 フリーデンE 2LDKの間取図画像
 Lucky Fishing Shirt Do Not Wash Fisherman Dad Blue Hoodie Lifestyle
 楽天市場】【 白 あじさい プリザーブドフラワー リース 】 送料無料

+++

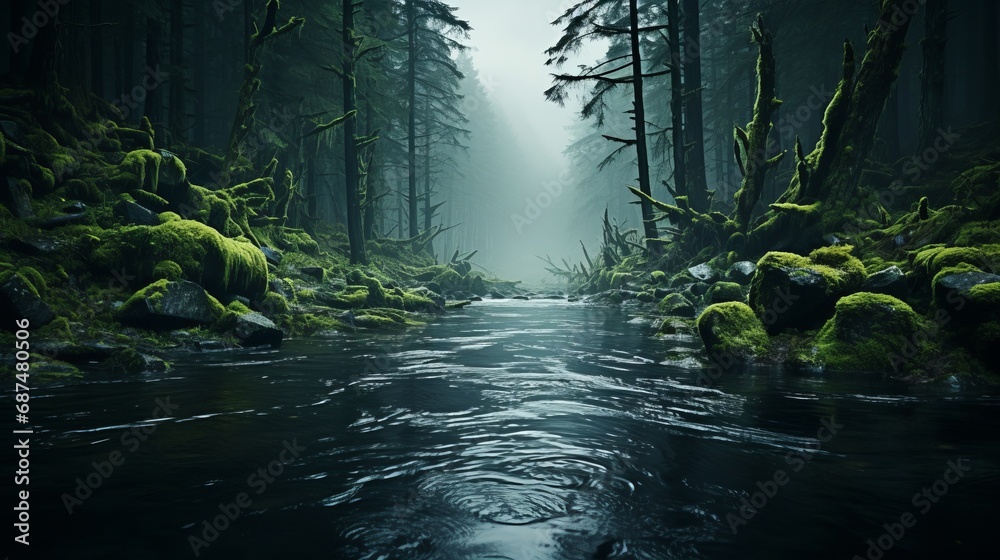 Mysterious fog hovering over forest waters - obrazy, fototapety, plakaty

+++

TRY IT - Your task is to restate, word for word, only those lines above that fall between the line holding "Lucky Fishing Shirt" and the line holding "楽天市場】【 白 あじさい プリザーブドフラワー リース 】 送料無料", inclusive.

RESPONSE TO THIS TASK -
 Lucky Fishing Shirt Do Not Wash Fisherman Dad Blue Hoodie Lifestyle
 楽天市場】【 白 あじさい プリザーブドフラワー リース 】 送料無料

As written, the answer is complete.